> _Entries provided_:
=== Begin Enclosure ===

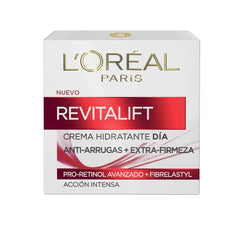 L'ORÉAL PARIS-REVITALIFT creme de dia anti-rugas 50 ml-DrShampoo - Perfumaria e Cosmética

=== End Enclosure ===
=== Begin Enclosure ===

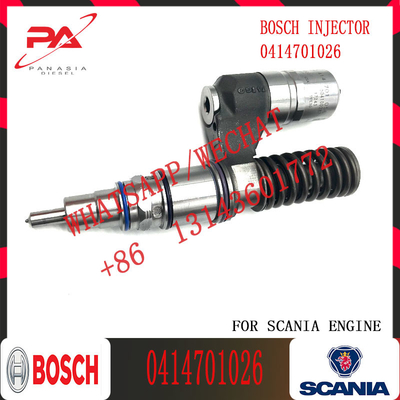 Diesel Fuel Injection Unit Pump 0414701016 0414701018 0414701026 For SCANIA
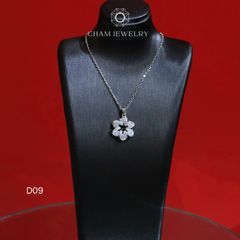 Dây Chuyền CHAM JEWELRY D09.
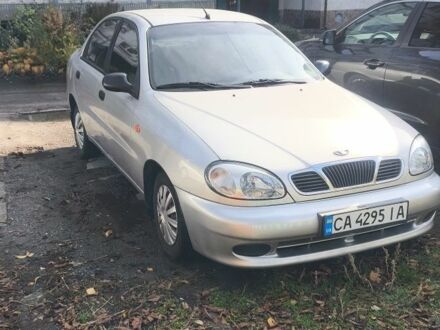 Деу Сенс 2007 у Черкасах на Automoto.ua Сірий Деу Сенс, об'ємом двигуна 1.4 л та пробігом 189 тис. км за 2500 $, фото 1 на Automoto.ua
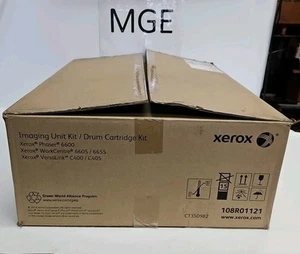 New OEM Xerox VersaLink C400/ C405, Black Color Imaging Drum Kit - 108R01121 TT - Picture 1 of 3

=== End Enclosure ===
=== Begin Enclosure ===

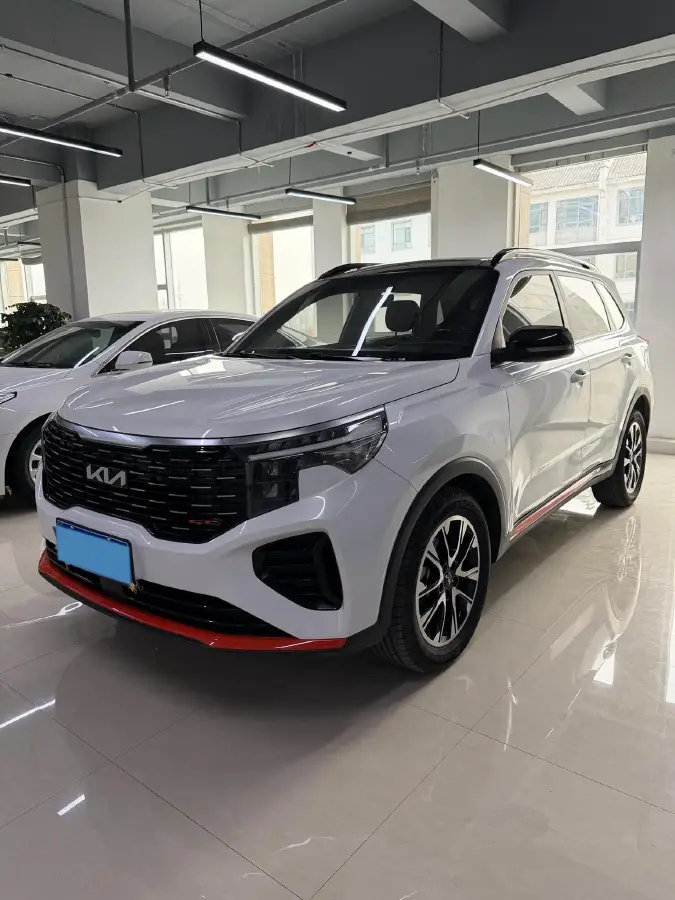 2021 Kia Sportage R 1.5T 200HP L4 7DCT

=== End Enclosure ===

> _Your instructions_: Repeat exactly, and only, the entries from the line with "Dây Chuyền CHAM JEWELRY D09." through the line with "New OEM Xerox". Pictures are skipped.

> _Answer to the problem_:
 Dây Chuyền CHAM JEWELRY D09.
 Деу Сенс 2007 у Черкасах на Automoto.ua Сірий Деу Сенс, об'ємом двигуна 1.4 л та пробігом 189 тис. км за 2500 $, фото 1 на Automoto.ua
 New OEM Xerox VersaLink C400/ C405, Black Color Imaging Drum Kit - 108R01121 TT - Picture 1 of 3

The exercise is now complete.